A. philoxeroides is present in Asia where it is widespread principally across warm temperate regions. In Sri Lanka A. philoxeroides was identified in 1998 and by 2004 it reached provinces at elevations > 2500 m (Jayasinghe, 2008). In China it is spreading across Beijing, Fujian, Guangxi, Hebei, Hubei, Hunan, Jiangsu, Jiangxi, Sichuan, Taiwan, and Zhejiang where it is causing serious impacts on aquatic habitats and famous scenic areas (Flora of China Editorial Committee, 2016). In India, A. philoxeroides is spreading across Assam, Bihar, West Bengal, Tripura, Manipur, Andhra Pradesh, Karnataka, Maharashtra, Delhi and Punjab.

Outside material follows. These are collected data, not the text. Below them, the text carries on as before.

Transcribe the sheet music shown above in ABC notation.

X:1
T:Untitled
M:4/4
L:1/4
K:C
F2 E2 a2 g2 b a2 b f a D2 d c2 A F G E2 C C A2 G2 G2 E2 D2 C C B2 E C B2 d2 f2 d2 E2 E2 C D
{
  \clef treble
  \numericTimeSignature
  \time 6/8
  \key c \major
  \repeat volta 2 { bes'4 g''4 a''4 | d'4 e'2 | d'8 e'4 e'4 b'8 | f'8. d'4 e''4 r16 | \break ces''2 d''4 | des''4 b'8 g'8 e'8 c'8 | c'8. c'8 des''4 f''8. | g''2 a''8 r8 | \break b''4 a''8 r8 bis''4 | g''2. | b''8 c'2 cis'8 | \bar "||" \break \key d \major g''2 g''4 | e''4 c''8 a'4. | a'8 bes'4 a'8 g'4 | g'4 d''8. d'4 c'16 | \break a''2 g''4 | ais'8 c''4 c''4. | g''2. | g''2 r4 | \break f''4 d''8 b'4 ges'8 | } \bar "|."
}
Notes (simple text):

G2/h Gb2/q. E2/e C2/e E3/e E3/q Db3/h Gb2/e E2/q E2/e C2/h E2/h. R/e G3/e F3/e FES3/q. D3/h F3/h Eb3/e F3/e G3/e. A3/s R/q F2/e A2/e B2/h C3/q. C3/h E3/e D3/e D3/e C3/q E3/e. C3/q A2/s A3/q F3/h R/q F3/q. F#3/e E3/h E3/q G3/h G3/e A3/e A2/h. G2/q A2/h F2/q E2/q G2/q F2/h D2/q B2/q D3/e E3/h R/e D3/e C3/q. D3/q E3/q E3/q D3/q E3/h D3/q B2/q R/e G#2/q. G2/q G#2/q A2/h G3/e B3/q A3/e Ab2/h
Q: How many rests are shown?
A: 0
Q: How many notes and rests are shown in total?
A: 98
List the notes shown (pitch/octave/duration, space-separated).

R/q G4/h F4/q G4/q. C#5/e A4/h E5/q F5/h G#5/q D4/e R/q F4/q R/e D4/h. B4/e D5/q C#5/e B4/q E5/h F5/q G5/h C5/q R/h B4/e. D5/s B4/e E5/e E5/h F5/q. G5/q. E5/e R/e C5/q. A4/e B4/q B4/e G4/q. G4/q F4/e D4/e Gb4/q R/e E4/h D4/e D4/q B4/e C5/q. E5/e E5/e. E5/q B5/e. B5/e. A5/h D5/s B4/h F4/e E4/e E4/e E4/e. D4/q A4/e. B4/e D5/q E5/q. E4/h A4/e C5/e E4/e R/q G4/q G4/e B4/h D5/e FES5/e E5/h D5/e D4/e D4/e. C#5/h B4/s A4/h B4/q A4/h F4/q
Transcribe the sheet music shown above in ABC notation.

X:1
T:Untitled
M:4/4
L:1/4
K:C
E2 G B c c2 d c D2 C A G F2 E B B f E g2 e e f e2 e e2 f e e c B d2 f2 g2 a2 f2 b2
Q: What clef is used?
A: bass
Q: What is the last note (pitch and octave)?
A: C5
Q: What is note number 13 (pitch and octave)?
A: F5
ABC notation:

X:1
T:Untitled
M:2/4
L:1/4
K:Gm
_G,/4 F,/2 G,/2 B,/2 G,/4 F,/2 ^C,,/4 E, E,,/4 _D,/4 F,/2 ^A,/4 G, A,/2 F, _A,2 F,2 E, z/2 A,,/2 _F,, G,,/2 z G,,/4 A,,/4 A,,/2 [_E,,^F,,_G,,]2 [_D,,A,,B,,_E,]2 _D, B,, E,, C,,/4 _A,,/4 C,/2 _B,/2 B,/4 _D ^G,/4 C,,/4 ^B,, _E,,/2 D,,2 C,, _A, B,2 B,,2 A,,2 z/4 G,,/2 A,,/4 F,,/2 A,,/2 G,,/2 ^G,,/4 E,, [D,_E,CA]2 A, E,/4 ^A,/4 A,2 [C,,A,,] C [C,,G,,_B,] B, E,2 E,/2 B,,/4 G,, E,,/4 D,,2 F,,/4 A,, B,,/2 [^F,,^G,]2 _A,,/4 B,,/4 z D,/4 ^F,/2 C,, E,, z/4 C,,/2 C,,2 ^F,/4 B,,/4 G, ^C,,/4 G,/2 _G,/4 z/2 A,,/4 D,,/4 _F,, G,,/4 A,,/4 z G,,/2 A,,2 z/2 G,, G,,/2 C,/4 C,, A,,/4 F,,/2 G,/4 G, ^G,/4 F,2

By 2008, A. philoxeroides was reported invading Wular Lake, the largest freshwater lake in India (Masoodin and Khan, 2012).

In Australia A. philoxeroides arrived during the 1940s, probably in ships' ballast (Julien and Broadbent, 1980). From initial sites at Botany Bay and Newcastle harbour, it had, by 1979, spread to the Lower Hunter River Valley and to near Albury (Julien et al., 1979). It was also found in backyard gardens of some Asian community groups in Australia who grew it as a leafy vegetable by mistake. It has been used since the 1960's and is now found in all Australian states and territories. The State of Victoria has the highest number of backyard plots (more than 800) of alligator weed in Australia (Gunasekera and Adair, 1999).

In New Zealand, it was first recorded in 1906 and now it can be found invading drains, streams, swamps and similar wet habitats across the country (Bassett et al., 2012; OEPP/EPPO, 2016).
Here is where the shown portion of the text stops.